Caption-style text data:
——
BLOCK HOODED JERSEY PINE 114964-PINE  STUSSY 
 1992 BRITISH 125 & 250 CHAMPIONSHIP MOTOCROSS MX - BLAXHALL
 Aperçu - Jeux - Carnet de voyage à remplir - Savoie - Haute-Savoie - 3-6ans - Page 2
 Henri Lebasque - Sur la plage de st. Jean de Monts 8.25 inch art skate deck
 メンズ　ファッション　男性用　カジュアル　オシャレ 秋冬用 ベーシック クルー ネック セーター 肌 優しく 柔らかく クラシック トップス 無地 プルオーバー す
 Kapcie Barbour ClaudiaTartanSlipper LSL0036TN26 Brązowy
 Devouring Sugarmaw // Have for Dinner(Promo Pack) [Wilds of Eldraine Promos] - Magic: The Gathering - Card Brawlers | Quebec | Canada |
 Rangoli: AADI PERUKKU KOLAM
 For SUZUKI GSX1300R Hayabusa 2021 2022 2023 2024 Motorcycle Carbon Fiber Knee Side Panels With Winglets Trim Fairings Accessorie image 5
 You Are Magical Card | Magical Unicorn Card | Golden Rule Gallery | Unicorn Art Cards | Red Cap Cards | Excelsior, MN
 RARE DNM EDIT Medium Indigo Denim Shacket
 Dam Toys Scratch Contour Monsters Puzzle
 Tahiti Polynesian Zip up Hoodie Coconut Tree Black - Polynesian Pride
——
▶ **What the task asks**
Going down from the first line of the entries above, restate each line word for word until the line holding "For SUZUKI GSX1300R" is done.

▶ **Result**
BLOCK HOODED JERSEY PINE 114964-PINE  STUSSY 
 1992 BRITISH 125 & 250 CHAMPIONSHIP MOTOCROSS MX - BLAXHALL
 Aperçu - Jeux - Carnet de voyage à remplir - Savoie - Haute-Savoie - 3-6ans - Page 2
 Henri Lebasque - Sur la plage de st. Jean de Monts 8.25 inch art skate deck
 メンズ　ファッション　男性用　カジュアル　オシャレ 秋冬用 ベーシック クルー ネック セーター 肌 優しく 柔らかく クラシック トップス 無地 プルオーバー す
 Kapcie Barbour ClaudiaTartanSlipper LSL0036TN26 Brązowy
 Devouring Sugarmaw // Have for Dinner(Promo Pack) [Wilds of Eldraine Promos] - Magic: The Gathering - Card Brawlers | Quebec | Canada |
 Rangoli: AADI PERUKKU KOLAM
 For SUZUKI GSX1300R Hayabusa 2021 2022 2023 2024 Motorcycle Carbon Fiber Knee Side Panels With Winglets Trim Fairings Accessorie image 5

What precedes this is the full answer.